亜沙美さんは悲しそうな目でじっと足下を見つめたまま黙っている。
「あ、あの……」
「こんなこと言うと絶対に夏樹に怒られるの分かってるけど……だけど……」
顔を上げ、悲しみをたたえた真剣な眼差しで私を見る。
「彼を……夏樹を助けてあげて……」
「亜沙美さん?」
亜沙美さんは再び私から視線をそらした。
「夏樹の彼女……冬佳ちゃんって言ってね。夏樹の実の妹だったんだよ」
(チクン)
……また……。
でも実の妹さんが彼女って……それってどう言うこと?
「混乱するのも無理無いよね。あの二人から告白されたとき私達も同じだったから」
混乱する気持ちを抑えながら私は亜沙美さんの話に集中する。
「なんだかんだあったけど、あの二人の気持ちが本物だって分かったら反対できなくなってね。悲しい結末しかないの分かってたのに」
亜沙美さんは一瞬複雑そうな笑みを浮かべたが、すぐにその笑みも消えた。
「でも悲しい結末でもあんな結末は想像もしてなかった……。冬佳ちゃんは私達の目の前で通り魔に刺されて……」
当時のことを思い出しているかのように手を握りしめ悔しそうに唇をかみしめている。
「犯人はその場で取り押さえて逮捕されたけど、冬佳ちゃんはそのまま……。それから夏樹が笑わなくなったの」
「そんな……」
私は亜沙美さんの衝撃の告白にただそれしか言えなかった。
いつも素敵な笑顔を見せてくれる夏樹さんにそんなことがあったなんて……。
「タカや澪はそっとしておこうって言ってたけど、私は夏樹の笑顔がもう一度見たかったから、彼を元気づけようって何でもやった。

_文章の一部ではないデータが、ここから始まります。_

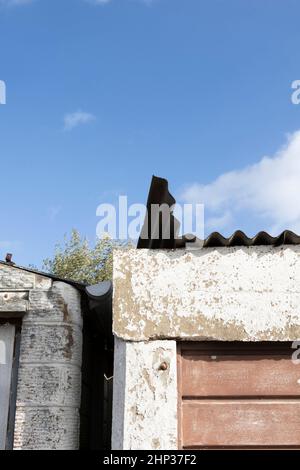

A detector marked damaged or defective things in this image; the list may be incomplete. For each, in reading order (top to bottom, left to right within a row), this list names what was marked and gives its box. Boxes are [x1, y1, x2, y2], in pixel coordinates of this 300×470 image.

torn roofing felt [137, 176, 300, 250]
rusty metal panel [178, 344, 300, 450]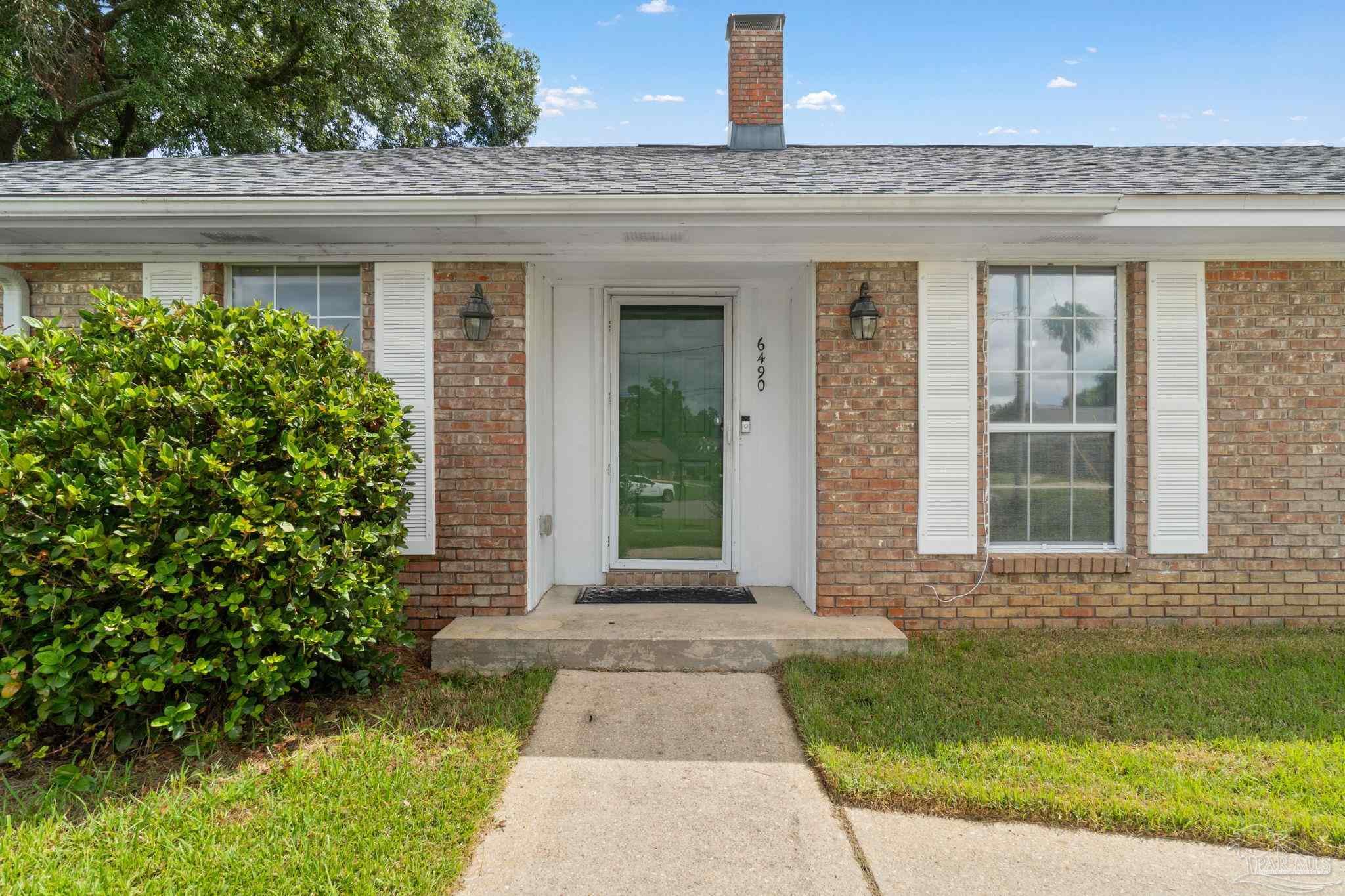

でも……全部ダメだった……」
亜沙美さんの目に光るものが……。
それを見たときまた胸が痛くなった。
「結局、私はつらくなって逃げ出した。親の転勤とか受験の失敗とかいろいろ理由付けして……」
「亜沙美さん……」
「7年ぶりにこの街に帰ってきて夏樹の笑顔を見てビックリしたよ。だからといってそんなのを表に出す私じゃないけどね」
そこで言葉がとぎれた。
しばしの沈黙。
「タカから聞いたんだ。夏樹が笑うようになったの……恵理ちゃん、あなたと出会ってからなんだってね」
「そ、そんな……」
確かに初めて会ったとき、静かな笑みを浮かべる人だなって思ったけど……。
「その話聞いてね。ちょっと嫉妬した」
「私は別に……」
「分かってる。でもだからこそあなたにお願いしたいの。恵理ちゃん、夏樹の心の支えになってあげて」
(え?)
「恵理ちゃんなら出来ると思う……ううん、恵理ちゃんにしか出来ないと思うんだ。だから……」
(だから『助けてあげて』なの……?)
「恵理ちゃん?」
私はさっきから続く胸の痛みに耐えられなくなっていた。
なんなの、この痛み……。
「そんなの……無理……ですよ……」
痛みを堪えてやっと言葉にする。
「恵理ちゃん……」
私は気づくと立ち上がっていた。
「無理ですよ。それに私、一度振られてるんですよ」
亜沙美さんが私の両肩を掴んだ。
たぶん私を落ち着けようとしてるんだと思う。
でも私は……。
「それはまだ心の整理がついていなかったから……」
やめて……。
「夏樹だって……」
もう、やめて………。
「彼に笑顔を取り戻させたあなたなら絶対に……」
もう、何も聞きたくない!
私は亜沙美さんの手を振りほどき一歩二歩と後に下がった。
「私には……冬佳さんの代わりなんて出来ません。私が夏樹さんの心の支えになるなんて無理です。絶対に無理です!」
目頭が熱くなるのを感じる。
そして私はその場から逃げ出した。
「恵理ちゃん!」
亜沙美さんが私を呼び止めようとする。
だけど私は止まることなく、夢園荘から出ていった。

お願い……これ以上私を苦しめないで……。

























こころが……いたいよ………………なつきさん……たすけて………。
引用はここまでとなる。